( a close up of a piece of the magnificent cottonwood canopy that arced its way overhead and met the ground – photo 2018)
Something’s wrong.
I stopped dead
in my tracks as I
passed through the gate
startling the pre-dawn sky.
I was on my way to the river.
It was dark.
Gazing up at my beloved
Cottonwood Cathedral
I couldn’t see,
But why couldn’t I feel her Presence?
A fearful hole
ripped through my heart
as dread seeped in.
Some alien force
had smashed the Peace.
When I reached the river
La Llorona was sobbing
her veil of mist
smudging the trees with a shroud.
Retracing the path at dawn
the terrifying sight of
severed limbs –
the loss of
supple arches
that swept the ground
with their bountiful grace,
limbs bowed low in surrender…
shattered the wonder of this holy place –
twisted knives in my gut.
To lose a holy place
is to be annihilated.
Both the trees and I
have lost our limbs
like the handmaid once did
to mindless slaughter
by those that neither
see or feel.
Never again will
we rejoice in the
reciprocal
joy that the holy
bestows on
those that are
capable of Love.
For three years I have walked through the Cathedral of Cottonwoods, sometimes two or three times a day just for the simple pleasure of feeling the peace that these Matriarchs of the Bosque bestow upon anyone who can feel their benign yet powerful presence. In just one place beyond the gate the holy lived… and day after day year after year I would stop just to feel the peace – amazing grace. This spot was my sanctuary, the one place on this property that somehow felt like it belonged to me as I did to her.

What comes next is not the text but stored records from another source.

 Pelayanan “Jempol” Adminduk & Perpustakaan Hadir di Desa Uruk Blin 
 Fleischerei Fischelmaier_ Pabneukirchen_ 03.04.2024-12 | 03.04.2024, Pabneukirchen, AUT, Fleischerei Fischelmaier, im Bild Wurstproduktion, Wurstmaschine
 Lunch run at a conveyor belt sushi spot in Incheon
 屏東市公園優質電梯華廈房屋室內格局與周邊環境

Today my sanctuary has been destroyed forever. This tree destruction occurred either in my absence or sometime during this past week when my dog has been so ill that I have barely stepped out the door except to make a harrowing trip to the vet.

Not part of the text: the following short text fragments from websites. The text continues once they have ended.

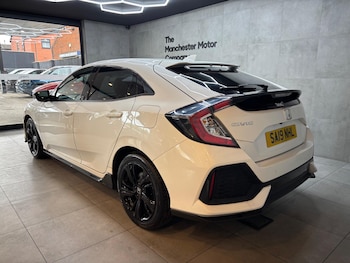 Used Honda Civic 2019 for sale - 79472311: Photo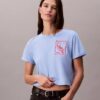 T-Shirt mit Schriftzug-Logo, kurz geschnitten und kastenförmig T-Shirt mit Schriftzug-Logo, kurz geschnitten und kastenförmig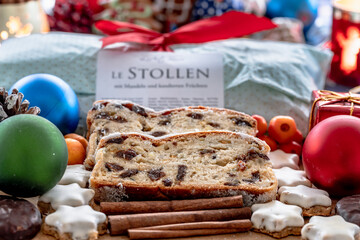 Nahaufnahme von zwei Scheiben Weihnachtsstollen mit Mandeln und kandierten Früchten und Zimtsternen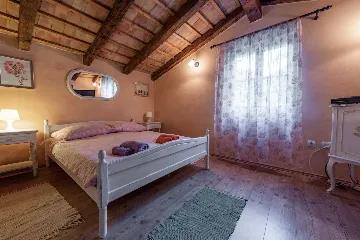 7-Bedroom Villa in Žminj with Private Pool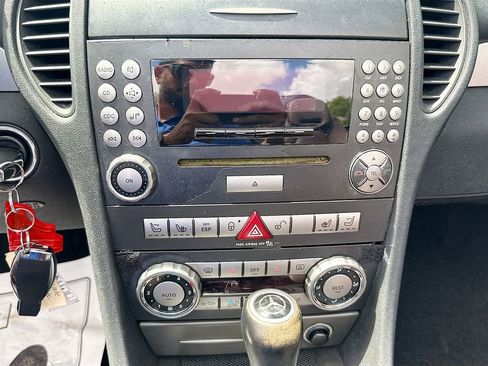 Used 2005 Mercedes-Benz SLK 350 image 16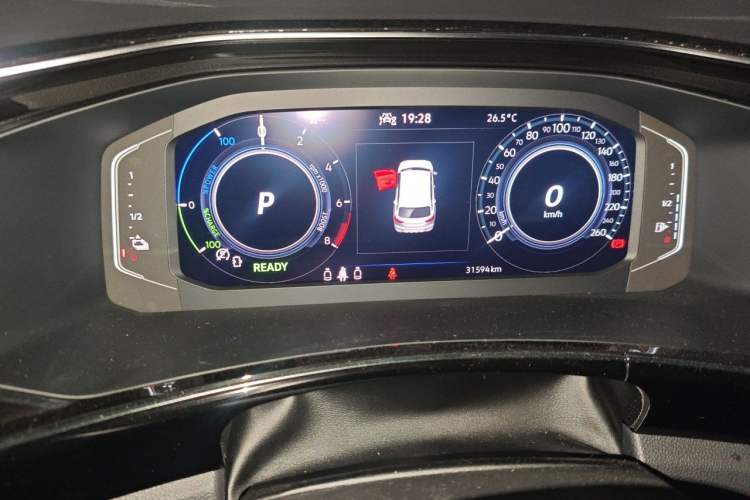 Used Volkswagen Tayron GTE Plug-in Hybrid 2022 1.4T Luxury Edition Odometer Close Up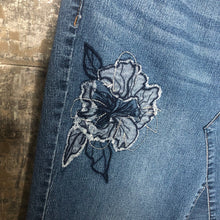 Load image into Gallery viewer, dark denim maxi skirt, (size 8)
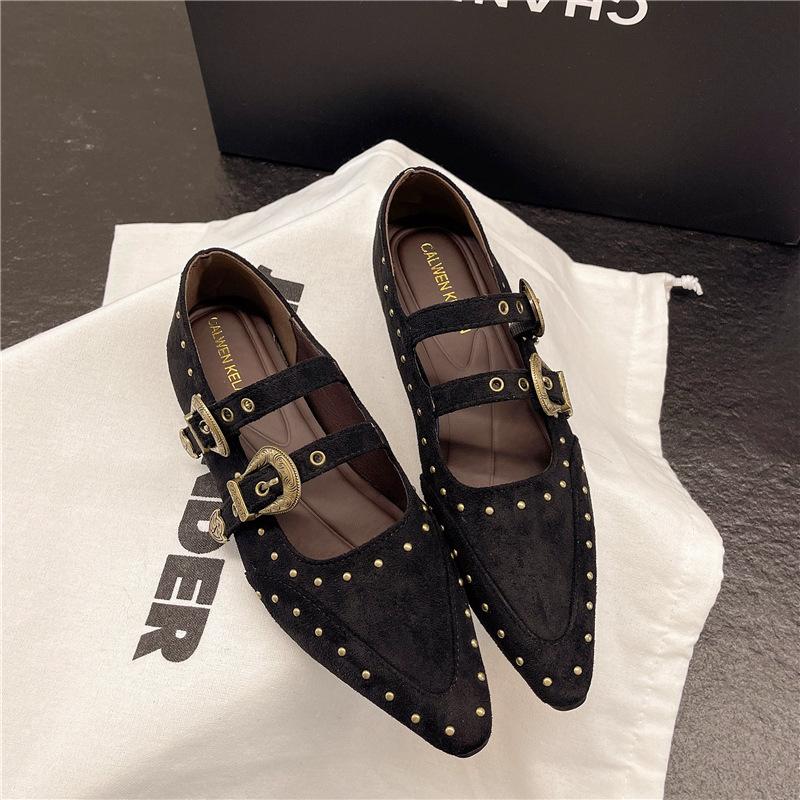 Европейские и американские ретро туфли Мэри Джейн из мягкой кожи с острым носком и плоской подошвой, увеличивающие внутреннюю высоту, женские, коричневые, с заклепками, с одним ремешком и мелким вырезом s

My body is still struggling to process the magnitude of this loss. Intentional or not it feels malevolent. Each time I walk through this area someone in me screams out “NO NO, not here.” My most beloved place. Gone, the severed limbs will bare ugly scars until the tree itself returns to the earth in death…
The worst part of this story is that the severing of the arms of the tree accomplished virtually nothing. These beautiful arches were beyond a fence… and part of a path to the river. There was absolutely no reason to senselessly destroy them especially since dead branches still hang over the same area.

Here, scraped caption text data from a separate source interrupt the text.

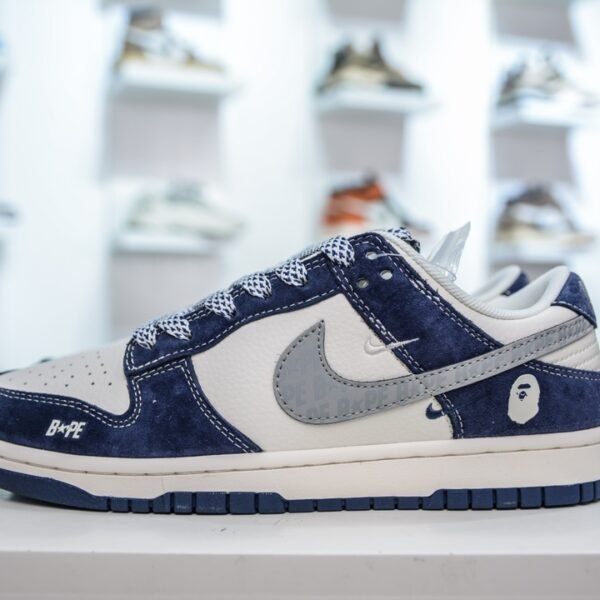 NK SB Dunk Low x BAPE - Sneakers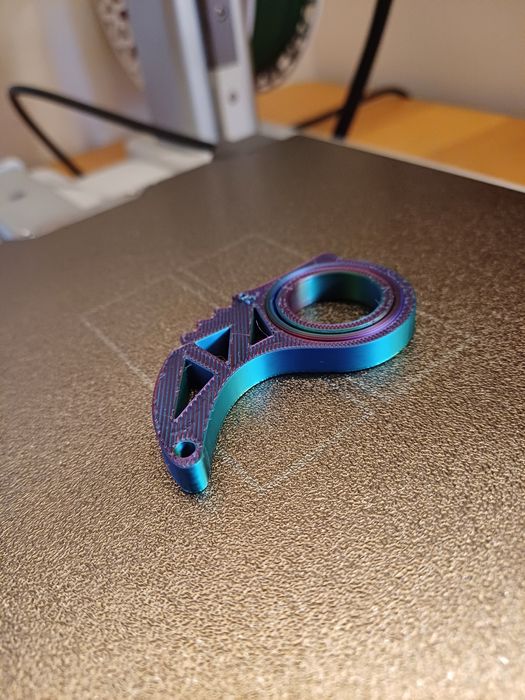 Key spinner kolor aurora

Dobre wykonanie

Fajny kolor

Złodziej nudów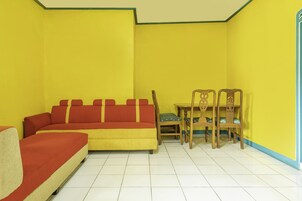 Family Room | Free WiFi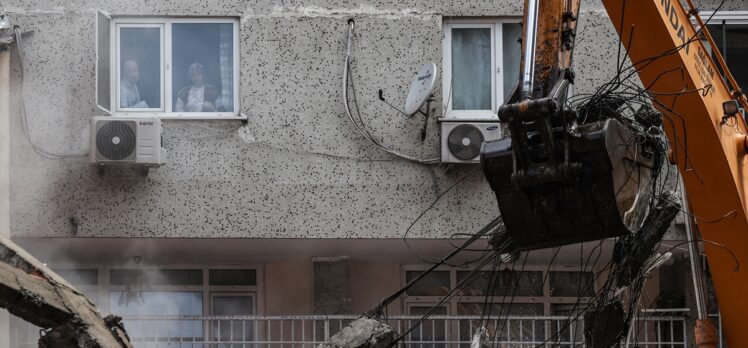 GÜNCELLEME 4 – Zeytinburnu'nda 5 katlı boş bina çöktü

The severed limbs also remind me of a fairy tale…In the “The Handmaid’s Tale” a father betrays a glorious apple tree that is also his daughter for money. This bargain with the devil intensifies as the dark one insists the father chop off the girl’s hands. At this point after a second unconscionable betrayal the child leaves home with her severed hands and throws herself on the mercy of nature, who eventually restores the young woman’s hands…
My beloved cottonwoods will not have their limbs restored but perhaps there’s a message in this story for me.